After a few minutes of troubleshooting, I saw the following details:
A user recently tried launching a CentOS instance on that node
This user was the only user on the node (new node)
The load shot up to 8 right before I received the alert
The bonded 10gb network device (bond0) was in a DOWN state
The 1gb NIC was still alive and active
I looked at the status of both NICs in the bonded pair and saw that neither was able to communicate with the switch port. Seeing as how each NIC in the bond is connected to a separate switch, I thought that the chance of a switch port dying on each switch at the same time was quite improbable. I concluded that the 10gb dual port NIC had died and needed to be replaced. I created a ticket for the hardware support department at the data center where the node was hosted. I felt lucky that this was a new node and no one else was hosted on it yet.
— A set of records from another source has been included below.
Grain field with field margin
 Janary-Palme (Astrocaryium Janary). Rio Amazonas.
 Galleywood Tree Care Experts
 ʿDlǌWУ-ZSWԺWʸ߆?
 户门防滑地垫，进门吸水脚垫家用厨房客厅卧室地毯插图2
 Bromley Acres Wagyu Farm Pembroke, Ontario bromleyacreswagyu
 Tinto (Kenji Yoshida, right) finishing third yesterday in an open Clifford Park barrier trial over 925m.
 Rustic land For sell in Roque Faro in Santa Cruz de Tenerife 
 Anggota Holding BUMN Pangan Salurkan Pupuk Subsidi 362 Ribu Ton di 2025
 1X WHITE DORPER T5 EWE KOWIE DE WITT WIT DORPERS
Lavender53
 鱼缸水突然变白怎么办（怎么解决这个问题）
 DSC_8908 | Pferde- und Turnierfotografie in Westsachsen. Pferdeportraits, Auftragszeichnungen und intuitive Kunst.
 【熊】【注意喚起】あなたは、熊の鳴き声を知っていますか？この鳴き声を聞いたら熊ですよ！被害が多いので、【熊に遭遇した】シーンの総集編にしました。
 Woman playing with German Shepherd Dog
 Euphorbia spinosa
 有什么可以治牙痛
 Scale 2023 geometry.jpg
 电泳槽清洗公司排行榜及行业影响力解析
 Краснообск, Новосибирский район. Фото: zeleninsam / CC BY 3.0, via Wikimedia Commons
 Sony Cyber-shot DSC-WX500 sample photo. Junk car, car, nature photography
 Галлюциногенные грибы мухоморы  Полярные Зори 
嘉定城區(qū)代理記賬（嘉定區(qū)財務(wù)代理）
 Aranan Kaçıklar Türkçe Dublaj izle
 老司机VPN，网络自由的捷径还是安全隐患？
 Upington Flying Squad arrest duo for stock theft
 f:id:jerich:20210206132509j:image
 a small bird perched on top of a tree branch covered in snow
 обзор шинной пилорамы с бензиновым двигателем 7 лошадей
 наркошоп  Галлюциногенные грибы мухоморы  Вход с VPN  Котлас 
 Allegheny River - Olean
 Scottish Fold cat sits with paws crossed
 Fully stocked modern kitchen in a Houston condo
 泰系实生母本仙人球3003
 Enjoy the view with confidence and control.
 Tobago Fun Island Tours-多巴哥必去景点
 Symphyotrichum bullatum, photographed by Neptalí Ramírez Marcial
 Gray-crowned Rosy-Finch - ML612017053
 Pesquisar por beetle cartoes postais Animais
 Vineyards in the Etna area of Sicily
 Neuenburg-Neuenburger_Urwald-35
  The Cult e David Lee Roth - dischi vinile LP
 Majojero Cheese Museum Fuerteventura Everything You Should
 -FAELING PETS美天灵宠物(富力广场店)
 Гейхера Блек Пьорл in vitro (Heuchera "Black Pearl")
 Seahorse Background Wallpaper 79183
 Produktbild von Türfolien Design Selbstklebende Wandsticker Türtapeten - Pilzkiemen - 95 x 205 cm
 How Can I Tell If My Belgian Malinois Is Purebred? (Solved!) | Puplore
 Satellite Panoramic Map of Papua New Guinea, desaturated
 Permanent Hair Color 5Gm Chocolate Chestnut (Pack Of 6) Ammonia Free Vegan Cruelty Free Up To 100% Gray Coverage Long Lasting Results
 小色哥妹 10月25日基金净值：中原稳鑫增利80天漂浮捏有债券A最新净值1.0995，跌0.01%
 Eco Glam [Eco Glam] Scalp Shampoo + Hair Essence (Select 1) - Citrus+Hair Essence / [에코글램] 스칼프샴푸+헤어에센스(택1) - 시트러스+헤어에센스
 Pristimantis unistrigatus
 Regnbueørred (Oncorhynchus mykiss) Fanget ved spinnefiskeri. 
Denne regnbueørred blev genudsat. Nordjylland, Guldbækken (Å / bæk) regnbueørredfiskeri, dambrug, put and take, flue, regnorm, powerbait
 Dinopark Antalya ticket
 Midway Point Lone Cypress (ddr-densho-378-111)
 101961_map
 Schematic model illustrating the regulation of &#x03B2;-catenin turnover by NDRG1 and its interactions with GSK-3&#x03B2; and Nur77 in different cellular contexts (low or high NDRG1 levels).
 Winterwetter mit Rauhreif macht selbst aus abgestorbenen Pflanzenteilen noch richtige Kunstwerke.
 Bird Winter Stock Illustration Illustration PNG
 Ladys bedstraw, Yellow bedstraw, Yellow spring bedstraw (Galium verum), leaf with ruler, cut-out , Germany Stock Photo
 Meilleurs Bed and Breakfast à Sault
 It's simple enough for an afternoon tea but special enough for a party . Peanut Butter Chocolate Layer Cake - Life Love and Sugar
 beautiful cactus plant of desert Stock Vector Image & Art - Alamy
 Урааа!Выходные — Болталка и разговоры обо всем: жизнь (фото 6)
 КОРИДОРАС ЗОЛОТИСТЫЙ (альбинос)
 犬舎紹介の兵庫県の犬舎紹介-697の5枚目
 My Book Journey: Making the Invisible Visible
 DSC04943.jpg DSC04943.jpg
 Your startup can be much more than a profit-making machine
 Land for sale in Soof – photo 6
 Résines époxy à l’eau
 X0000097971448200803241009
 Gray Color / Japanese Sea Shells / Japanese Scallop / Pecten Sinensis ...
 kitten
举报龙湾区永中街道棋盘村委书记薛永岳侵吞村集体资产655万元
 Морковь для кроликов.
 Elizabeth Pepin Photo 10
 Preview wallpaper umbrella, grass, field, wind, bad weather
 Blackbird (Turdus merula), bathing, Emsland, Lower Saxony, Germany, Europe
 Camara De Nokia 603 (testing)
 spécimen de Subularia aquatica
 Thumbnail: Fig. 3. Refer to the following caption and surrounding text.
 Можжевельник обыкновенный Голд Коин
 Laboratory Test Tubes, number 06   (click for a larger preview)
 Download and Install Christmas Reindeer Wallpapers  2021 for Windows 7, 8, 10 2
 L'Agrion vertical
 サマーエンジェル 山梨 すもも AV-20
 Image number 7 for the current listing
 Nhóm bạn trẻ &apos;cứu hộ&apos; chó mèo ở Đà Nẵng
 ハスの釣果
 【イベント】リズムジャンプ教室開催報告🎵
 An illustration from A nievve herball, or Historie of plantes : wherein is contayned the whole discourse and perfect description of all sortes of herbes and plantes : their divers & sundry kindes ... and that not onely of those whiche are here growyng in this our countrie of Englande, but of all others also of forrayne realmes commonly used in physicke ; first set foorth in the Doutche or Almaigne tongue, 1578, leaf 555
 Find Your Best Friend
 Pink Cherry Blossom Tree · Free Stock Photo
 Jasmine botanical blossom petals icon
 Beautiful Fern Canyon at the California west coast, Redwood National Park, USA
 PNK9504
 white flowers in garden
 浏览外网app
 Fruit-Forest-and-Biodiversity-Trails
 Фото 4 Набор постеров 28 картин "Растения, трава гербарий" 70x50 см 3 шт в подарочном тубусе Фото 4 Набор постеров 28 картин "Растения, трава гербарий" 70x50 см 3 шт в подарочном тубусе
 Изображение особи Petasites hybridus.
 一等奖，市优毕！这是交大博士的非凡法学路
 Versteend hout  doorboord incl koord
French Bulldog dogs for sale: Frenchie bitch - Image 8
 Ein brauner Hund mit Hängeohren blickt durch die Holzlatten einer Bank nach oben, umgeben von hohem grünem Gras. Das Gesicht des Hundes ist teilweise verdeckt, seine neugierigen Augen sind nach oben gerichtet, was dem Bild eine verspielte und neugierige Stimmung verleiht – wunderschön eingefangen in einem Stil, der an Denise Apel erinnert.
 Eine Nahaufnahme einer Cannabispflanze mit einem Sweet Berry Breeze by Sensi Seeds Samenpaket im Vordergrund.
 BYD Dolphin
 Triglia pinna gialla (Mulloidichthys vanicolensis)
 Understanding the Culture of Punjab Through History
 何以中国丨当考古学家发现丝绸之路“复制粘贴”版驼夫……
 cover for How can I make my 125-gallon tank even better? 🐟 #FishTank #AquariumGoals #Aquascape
An hour later I received the same alert, but for another compute node. Crap. OK, now there's definitely a problem going on. Just as with the original node, I was able to log in by SSH. The bond0 NIC was DOWN, but the 1gb NIC was active.
And the best part: the same user had just tried creating a CentOS instance. What?
I was totally confused at this point, so I texted our network admin to see if he was available to help. He logged in to both switches and immediately saw the problem: the switches detected spanning tree packets coming from the two compute nodes and immediately shut the ports down to prevent spanning tree loops:
Feb 15 01:40:18 SW-1 Stp: %SPANTREE-4-BLOCK_BPDUGUARD: Received BPDU packet on Port-Channel35 with BPDU guard enabled. Disabling interface. (source mac fa:16:3e:24:e7:22) Feb 15 01:40:18 SW-1 Ebra: %ETH-4-ERRDISABLE: bpduguard error detected on Port-Channel35. Feb 15 01:40:18 SW-1 Mlag: %MLAG-4-INTF_INACTIVE_LOCAL: Local interface Port-Channel35 is link down. MLAG 35 is inactive. Feb 15 01:40:18 SW-1 Ebra: %LINEPROTO-5-UPDOWN: Line protocol on Interface Port-Channel35 (Server35), changed state to down Feb 15 01:40:19 SW-1 Stp: %SPANTREE-6-INTERFACE_DEL: Interface Port-Channel35 has been removed from instance MST0 Feb 15 01:40:19 SW-1 Ebra: %LINEPROTO-5-UPDOWN: Line protocol on Interface Ethernet35 (Server35), changed state to down
He reenabled the switch ports, and the two compute nodes immediately came back to life.
Unfortunately, this story has an open ending... we're still looking into why the CentOS image was sending out spanning tree packets. Further, we're researching a proper way for how to mitigate this from happening. It's a bigger issue than one might think. While it's extremely important for switches to prevent spanning tree loops, it's very problematic to have an entire compute node be cut from the network when this happens. If a compute node is hosting 100 instances and one of them sends a spanning tree packet, that instance has effectively DDOS'd the other 99 instances.
This is an ongoing and hot topic in networking circles—especially with the rise of virtualization and virtual switches.